Nell’ambito del percorso RESET promosso da Quintegia in collaborazione con Findomestic Banca stiamo raccogliendo alcune testimonianze di concessionari in relazione alla sostenibilità ambientale, sociale e di governance con l’obiettivo di stimolare una contaminazione virtuosa e creare un circuito di racconto delle best practice.
Abbiamo intervistato Carlo Alberto Jura, Presidente di Spazio Group, uno dei principali gruppi del settore automotive presente con 24 sedi in Piemonte e Liguria in rappresentanza di 12 marchi.
La sostenibilità in senso lato sta diventando sempre più centrale per le aziende. Come vivete questo tema?

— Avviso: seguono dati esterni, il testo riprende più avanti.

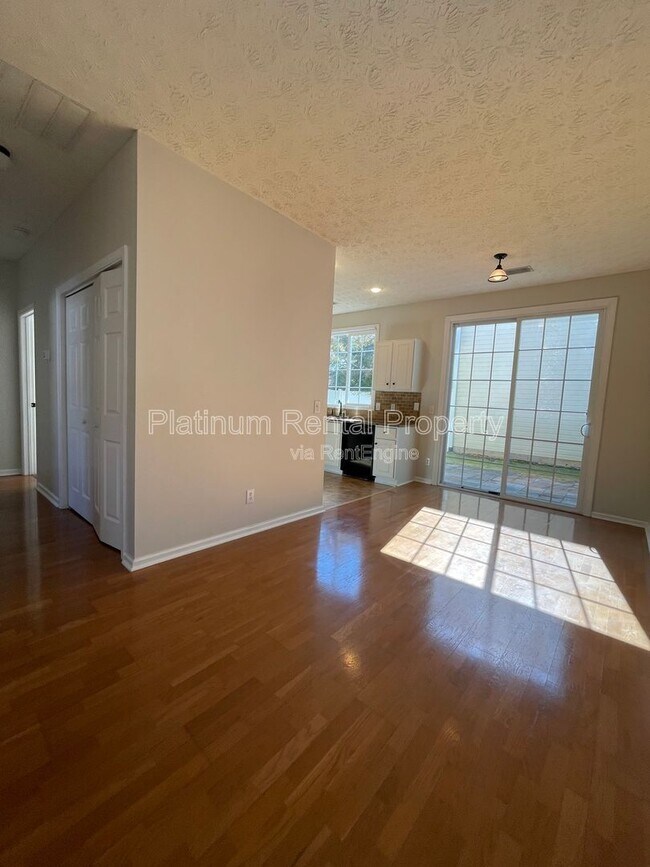 Building Photo - 301 Harmony Ct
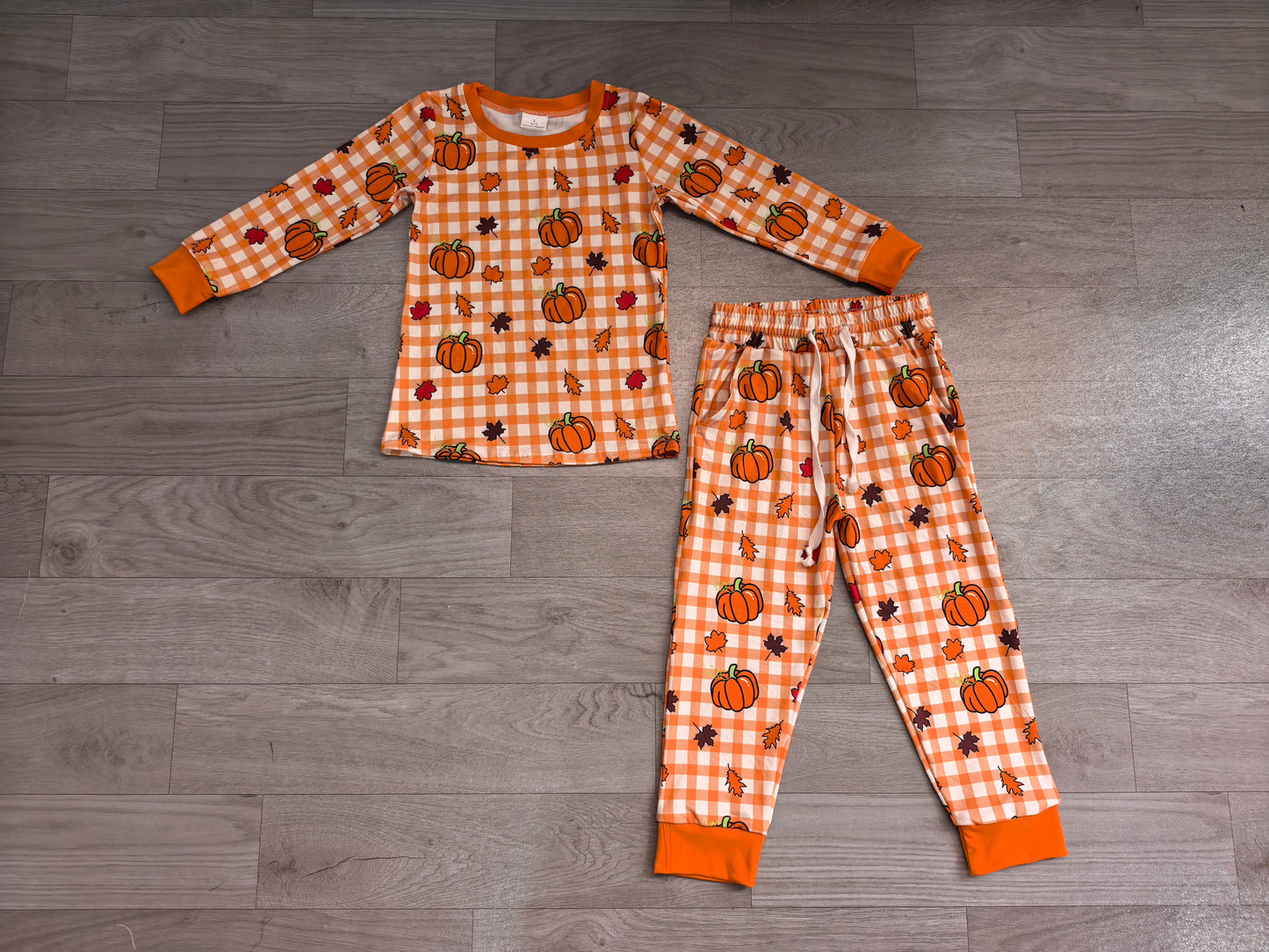 (Sample) No moq milk silk BLP1540(BT1929+P1198)Baby Boys Pumpkins Checked Print Top Pockets Pant Fall Casual Set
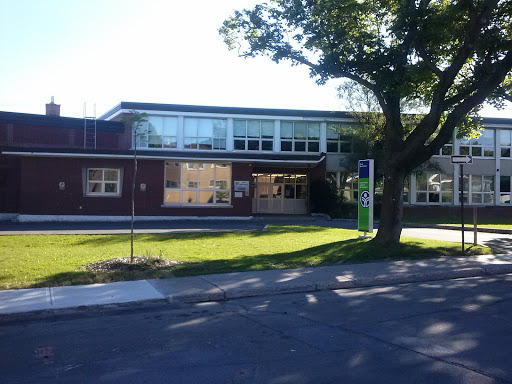 Monarques Primary School - Marie-Rollet Building - Thumbnail
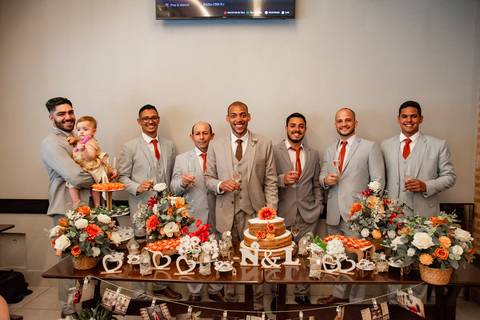 Fotografia dos padrinhos do noivo '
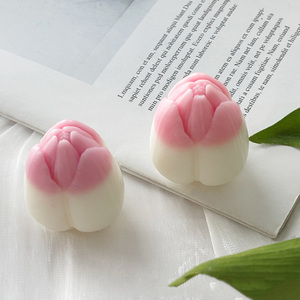Bougie parfumée décorative à la cire de soja aux fleurs de tulipe - Product Image 5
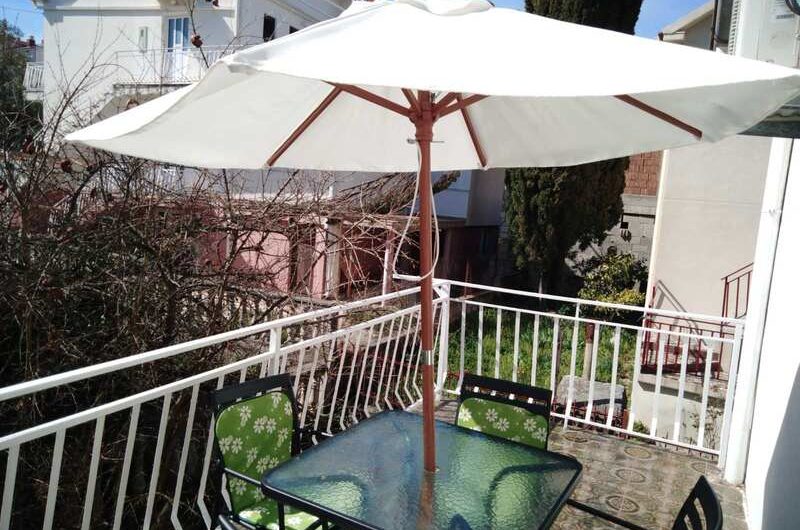 Inexpensive! Apartment with 2 bedrooms and a courtyard. Radovichi, Lustica peninsula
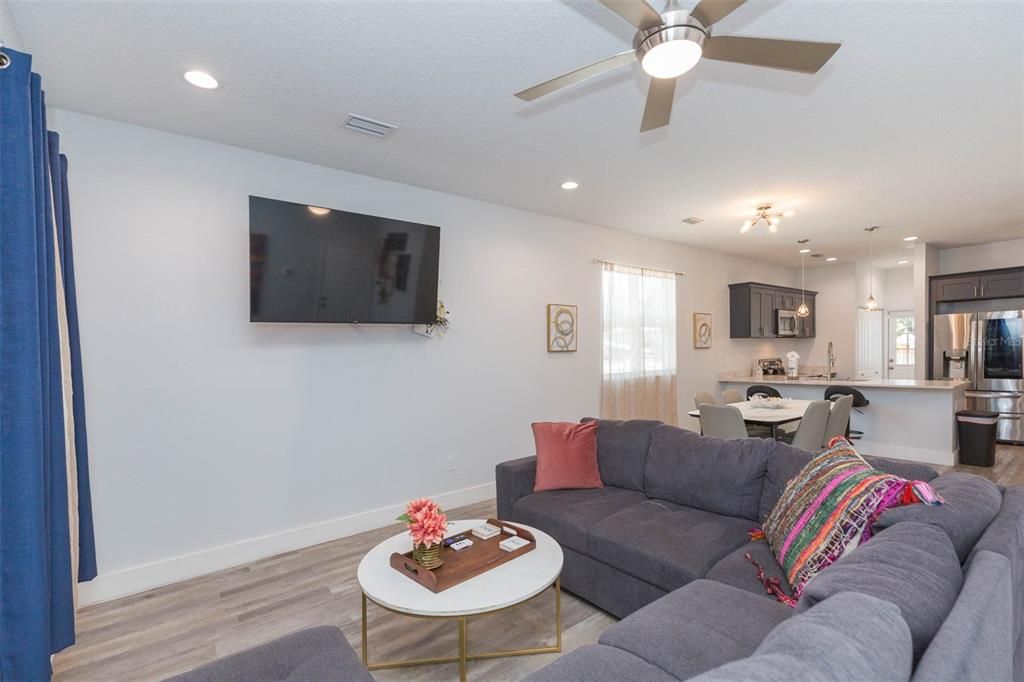 В аренду: $2,550 (3 спален, 2 ванн, 1284 Квадратных фут)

La sostenibilità è una scelta che abbiamo intrapreso da diversi anni e la stiamo declinando lavorando principalmente su tre fronti. Il primo è caratterizzato da una scelta ecologica: il nostro quartier generale di Via Ala di Stura è il più grande sistema di pannelli solari sui tetti del Piemonte permettendoci di risparmiare l’emissione di 450 tonnellate di CO2 grazie alla produzione autonoma di energia elettrica senza provocare inquinamento. Abbiamo fatto una scelta simile anche per la nuova sede Toyota Lexus, un building molto avveniristico dal punto di vista architettonico inaugurato nel settembre 2020 sempre nella nostra sede di Via Ala di Stura. Il secondo fronte su cui abbiamo puntato è il nostro territorio, considerato che noi operiamo in una zona di Torino storicamente degradata. Per questo abbiamo iniziato tempo fa una collaborazione con un parroco locale con l’obiettivo di riqualificare la nostra zona contribuendo alla costruzione di case per i senza tetto e di una mensa popolare. Si tratta di una sorta di partnership quotidiana in cui contribuiamo non solo con risorse economiche ma anche con scelte di tipo imprenditoriale, ragionando insieme sulle tipologie di progetti e le modalità di intervento. Il terzo punto che abbiamo sviluppato è un lavoro sugli spazi delle nostre strutture per renderli più verdi. Siamo partiti da una necessità di tipo paesaggistico, dato che le normative comunali prevedono una percentuale di aree verdi da avere all’interno della propria struttura, e abbiamo ad esempio adoperato dei pavimenti particolari e seminato l’erba nei nostri piazzali per rendere gli spazi più gradevoli per noi e i nostri collaboratori, così come per chi ci viene a visitare.
Lodevole quello che state facendo per l’impatto della CO2 e nei confronti del territorio, complimenti. In che misura, invece, state attuando delle scelte verso i vostri collaboratori?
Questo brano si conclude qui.